• WHAT YOU SHOULD DO: A word-for-word copy of the following listing is needed. Leave out its images.

• DATA:

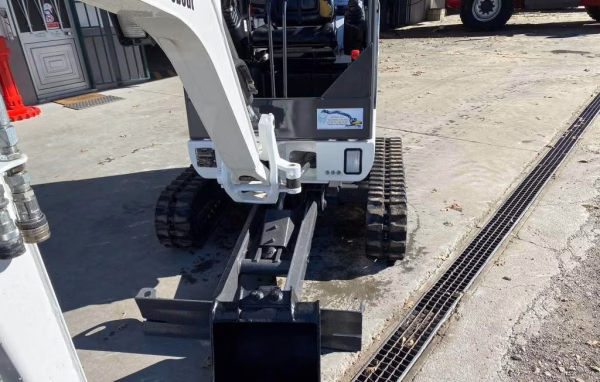 Bobcat E 14 - Image 5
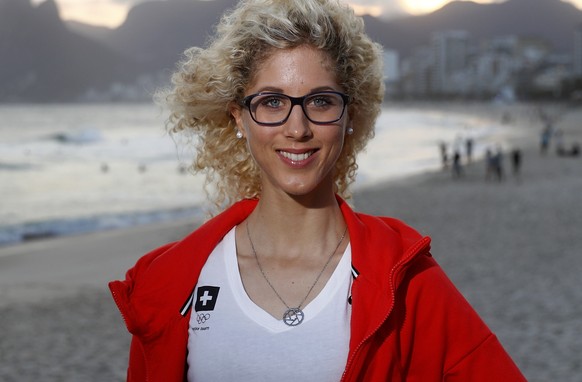 Swiss cycling athlete Jolanda Neff poses in front of Ipanema beach prior to a media conference of the Swiss cycling team prior to the Rio 2016 Olympic Summer Games at the TV-Studio in Ipanema in Rio d ...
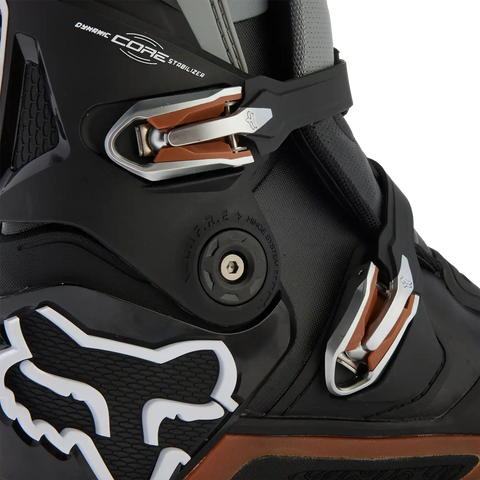 Instinct Boots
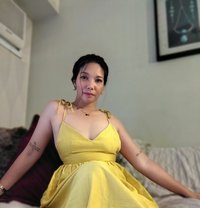 Camilla - escort in Makati City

• EXERCISE RESULT:
 Bobcat E 14 - Image 5
 Swiss cycling athlete Jolanda Neff poses in front of Ipanema beach prior to a media conference of the Swiss cycling team prior to the Rio 2016 Olympic Summer Games at the TV-Studio in Ipanema in Rio d ...
 Instinct Boots
 Camilla - escort in Makati City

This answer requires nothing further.